By Michael Fredholm 


Michael Fredholm is a historian and former military analyst who has published extensively on the history, defence strategies, security policies, and energy sector developments of Eurasia. He is the author of the book Afghanistan Beyond the Fog of War: Persistent Failure of a Rentier State (Copenhagen: NIAS Press, 2018), which describes the root causes of Afghanistan’s civil wars.

The 9/11 terrorist attacks shaped American politics for decades. In 2021, the Biden administration’s timetable for withdrawal of military forces from Afghanistan was for domestic political reasons firmly tied to the 20th anniversary of 9/11. The problem was, nobody thought to remind President Joe Biden that the Taliban government also had a 20th anniversary to consider: their previous expulsion from Kabul.

By early September 2001, the military situation in Afghanistan was comparatively stable. The Taliban had, with Pakistani support, occupied large parts of the country, although not 95 per cent of Afghanistan’s territory – a patently untrue claim that the Taliban had quickly convinced a timid international media without direct access to accept. The ex-mujahidin Northern Alliance, due to its foreign sponsors, remained in the north and in various inaccessible locations throughout the country. The Taliban held the major cities, but at least the non-Pashtun parts of the country remained vulnerable to Northern Alliance strikes and many of Afghanistan’s 325 districts had not seen any Taliban presence.

By this point of time, the Afghan wars had produced two main forces: the Pashtuns, represented by the Taliban, and their chief opponent, the Northern Alliance, which primarily consisted of Tajiks, Hazaras, and Uzbeks. Most formerly unaligned strongmen had chosen or been forced to choose one or the other of the two sides. Many had voluntarily adopted the name Taliban and ruled, at least nominally, in its name. Others, in particular those far away from major Taliban strongholds, had aligned with the Northern Alliance, if only to retain a modicum of autonomy within their own territory.

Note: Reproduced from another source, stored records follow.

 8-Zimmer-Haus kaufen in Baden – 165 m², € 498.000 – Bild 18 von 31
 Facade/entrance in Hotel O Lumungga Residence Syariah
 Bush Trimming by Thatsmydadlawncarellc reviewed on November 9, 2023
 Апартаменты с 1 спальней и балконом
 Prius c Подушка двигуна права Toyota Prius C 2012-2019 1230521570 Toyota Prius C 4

Then came the devastating 9/11 attacks, which shook the United States and indeed much of the Western world. Unlike the run-up to the Soviet intervention in 1979, the United States decision to invade Afghanistan was neither gradual nor agonizing. The Soviets had worried about possible future hostilities; the Americans understood that they were under direct attack and knew they had to strike back. This conclusion was shared by most of the world, and the United States received considerable moral and material support from practically all countries. Offers of support arrived from Iran, despite its previous hostility to the United States, and Russia, which by then not yet again had become the bogeyman of the Western world. The American decision to go to war was widely regarded as just. So just, in fact, that offers of support came well before any United Nations resolution on the issue, and neither the media nor most governments regarded this as odd. Moreover, for the first time in its history, the North Atlantic Treaty Organization (NATO) on 12 September 2001 invoked Article 5: ‘…an armed attack against one … shall be considered an attack against all’. A Coalition was rapidly formed to strike back against the Taliban government and Al-Qaida.

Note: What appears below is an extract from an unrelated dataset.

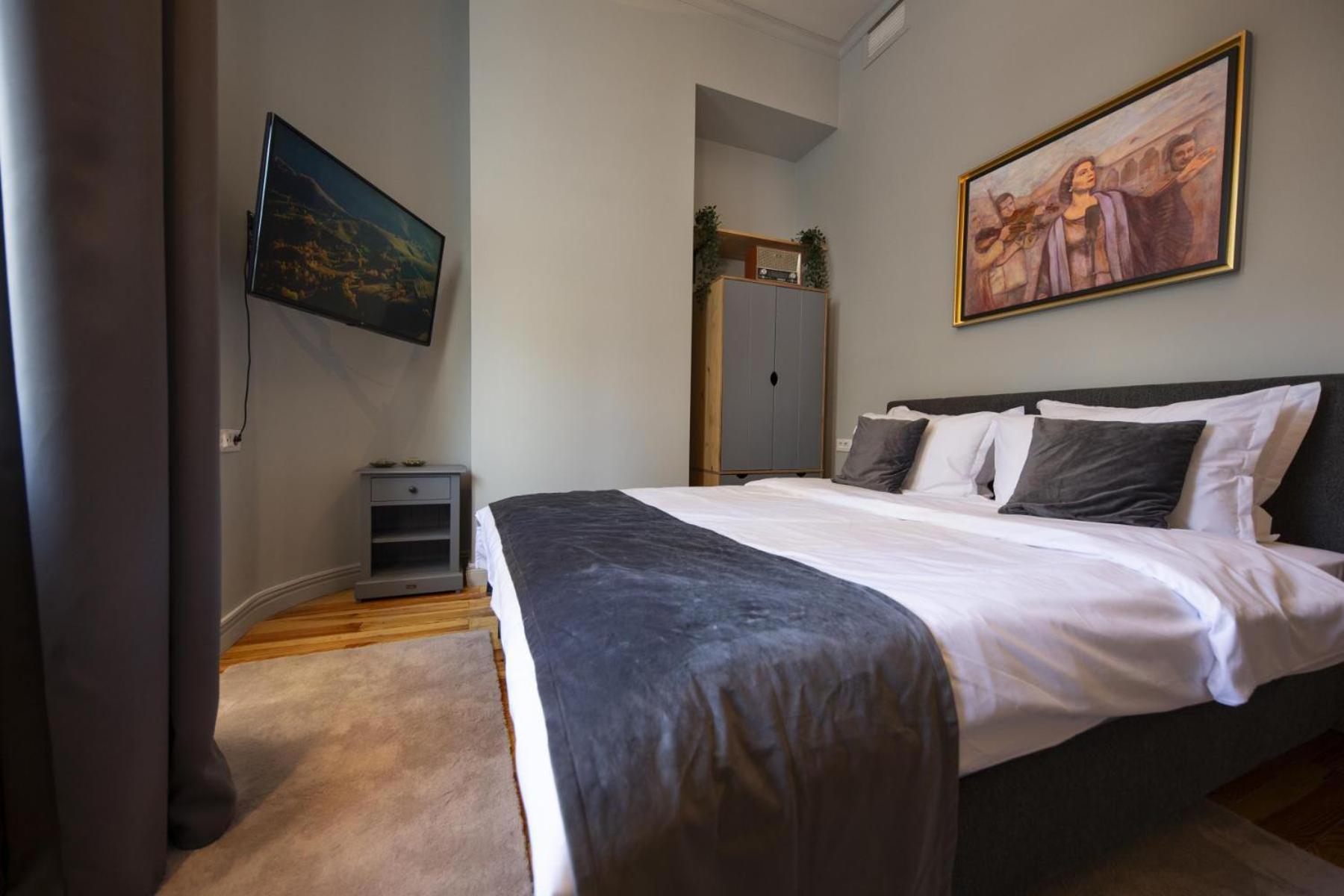 Athenaeum Spacious& Cozy 1Br Prime Location W Balcony Bukarest Exteriör bild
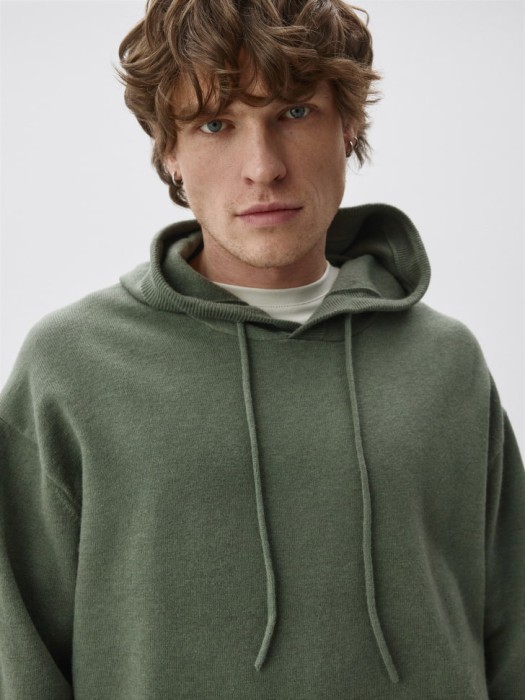 вязаное худи оверсайз по цене 1599 руб вид справа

Open military force was first applied on 7 October, twenty-six days after the 9/11 attacks, when the United States and Britain launched the first of numerous air raids on Kabul, Kandahar, Jalalabad, and Mazar-e Sharif. This marked the formal declaration of war on the unrecognized Taliban government and the first combat activities of Operation Enduring Freedom. About a week after the first air raids, American and allied special operations forces deployed to Afghanistan. The serious fighting took place in the north and was carried out by the Northern Alliance, eventually with American air support assisted by Special Forces guidance on the ground. As soon as Coalition air power was deployed in support, Northern Alliance units quickly broke through the Taliban lines. On 13 November units of the Alliance moved into Afghanistan’s capital Kabul.[1] U.S. personnel entered on the following day.[2]

The war on the ground was mostly over before conventional Coalition troops entered Afghanistan, around 19 November.[3] The last Taliban stronghold, Kandahar, surrendered on 7 December.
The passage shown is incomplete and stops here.